Using the records that follow, tally the lines containing the word "flooring" and state only the count.

Start of RECORDS FOR THIS TASK

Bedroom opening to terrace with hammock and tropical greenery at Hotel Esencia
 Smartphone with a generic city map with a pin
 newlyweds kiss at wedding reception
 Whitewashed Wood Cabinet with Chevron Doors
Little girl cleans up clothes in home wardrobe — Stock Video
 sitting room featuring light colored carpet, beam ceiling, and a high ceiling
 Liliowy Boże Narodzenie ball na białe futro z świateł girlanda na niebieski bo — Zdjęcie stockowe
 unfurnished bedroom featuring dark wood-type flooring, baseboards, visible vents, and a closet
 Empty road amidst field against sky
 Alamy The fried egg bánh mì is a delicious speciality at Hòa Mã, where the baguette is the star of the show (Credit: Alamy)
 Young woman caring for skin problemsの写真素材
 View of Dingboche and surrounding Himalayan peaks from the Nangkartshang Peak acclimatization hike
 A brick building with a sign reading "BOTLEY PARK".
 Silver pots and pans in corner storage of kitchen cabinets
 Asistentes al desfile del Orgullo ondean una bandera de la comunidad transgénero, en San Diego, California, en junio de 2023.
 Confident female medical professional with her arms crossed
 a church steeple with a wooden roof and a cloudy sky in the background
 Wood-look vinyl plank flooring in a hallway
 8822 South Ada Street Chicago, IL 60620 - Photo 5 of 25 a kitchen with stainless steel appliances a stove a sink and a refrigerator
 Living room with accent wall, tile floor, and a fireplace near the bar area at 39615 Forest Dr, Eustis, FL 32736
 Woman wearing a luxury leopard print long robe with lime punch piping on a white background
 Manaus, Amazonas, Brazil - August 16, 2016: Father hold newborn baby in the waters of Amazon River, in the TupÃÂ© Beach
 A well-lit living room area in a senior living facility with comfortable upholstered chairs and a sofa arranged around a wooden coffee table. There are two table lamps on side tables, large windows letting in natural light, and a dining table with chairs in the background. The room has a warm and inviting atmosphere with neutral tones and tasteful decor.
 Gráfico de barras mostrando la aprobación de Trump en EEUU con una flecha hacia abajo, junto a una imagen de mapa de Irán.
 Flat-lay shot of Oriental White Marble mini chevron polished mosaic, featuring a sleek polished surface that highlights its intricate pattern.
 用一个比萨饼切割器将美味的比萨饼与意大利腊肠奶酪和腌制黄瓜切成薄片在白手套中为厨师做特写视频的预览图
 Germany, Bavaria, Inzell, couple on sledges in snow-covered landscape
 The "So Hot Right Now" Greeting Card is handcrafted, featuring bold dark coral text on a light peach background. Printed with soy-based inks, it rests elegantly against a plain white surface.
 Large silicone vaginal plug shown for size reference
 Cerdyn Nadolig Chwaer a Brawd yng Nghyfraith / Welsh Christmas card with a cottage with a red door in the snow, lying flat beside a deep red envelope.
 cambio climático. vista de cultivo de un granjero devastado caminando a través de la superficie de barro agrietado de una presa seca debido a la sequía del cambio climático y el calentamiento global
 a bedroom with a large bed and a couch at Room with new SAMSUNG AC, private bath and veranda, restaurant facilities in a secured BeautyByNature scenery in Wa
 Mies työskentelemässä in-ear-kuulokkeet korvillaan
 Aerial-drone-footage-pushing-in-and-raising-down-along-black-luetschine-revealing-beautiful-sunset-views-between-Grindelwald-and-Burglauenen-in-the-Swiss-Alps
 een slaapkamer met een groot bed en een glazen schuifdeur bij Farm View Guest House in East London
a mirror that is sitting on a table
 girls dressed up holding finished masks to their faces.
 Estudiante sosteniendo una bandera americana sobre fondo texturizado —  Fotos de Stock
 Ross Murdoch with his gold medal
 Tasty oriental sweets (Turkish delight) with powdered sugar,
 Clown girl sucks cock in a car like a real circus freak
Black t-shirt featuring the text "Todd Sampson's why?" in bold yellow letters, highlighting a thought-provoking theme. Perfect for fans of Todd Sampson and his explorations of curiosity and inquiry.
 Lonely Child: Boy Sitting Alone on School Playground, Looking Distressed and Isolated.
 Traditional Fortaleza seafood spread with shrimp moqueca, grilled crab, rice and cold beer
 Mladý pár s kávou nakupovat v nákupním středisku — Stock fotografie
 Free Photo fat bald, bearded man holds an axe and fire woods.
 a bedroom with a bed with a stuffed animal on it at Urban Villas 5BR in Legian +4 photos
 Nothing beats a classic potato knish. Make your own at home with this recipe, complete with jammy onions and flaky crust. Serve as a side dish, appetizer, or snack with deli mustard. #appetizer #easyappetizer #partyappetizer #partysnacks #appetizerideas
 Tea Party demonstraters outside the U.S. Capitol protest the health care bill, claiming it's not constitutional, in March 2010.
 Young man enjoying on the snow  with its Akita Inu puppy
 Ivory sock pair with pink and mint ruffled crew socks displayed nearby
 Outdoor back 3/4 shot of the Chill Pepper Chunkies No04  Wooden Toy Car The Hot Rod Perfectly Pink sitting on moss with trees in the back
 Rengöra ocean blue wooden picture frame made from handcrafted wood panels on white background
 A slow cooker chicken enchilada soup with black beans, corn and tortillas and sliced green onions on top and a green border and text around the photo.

End of RECORDS FOR THIS TASK

### EXERCISE ANSWER
2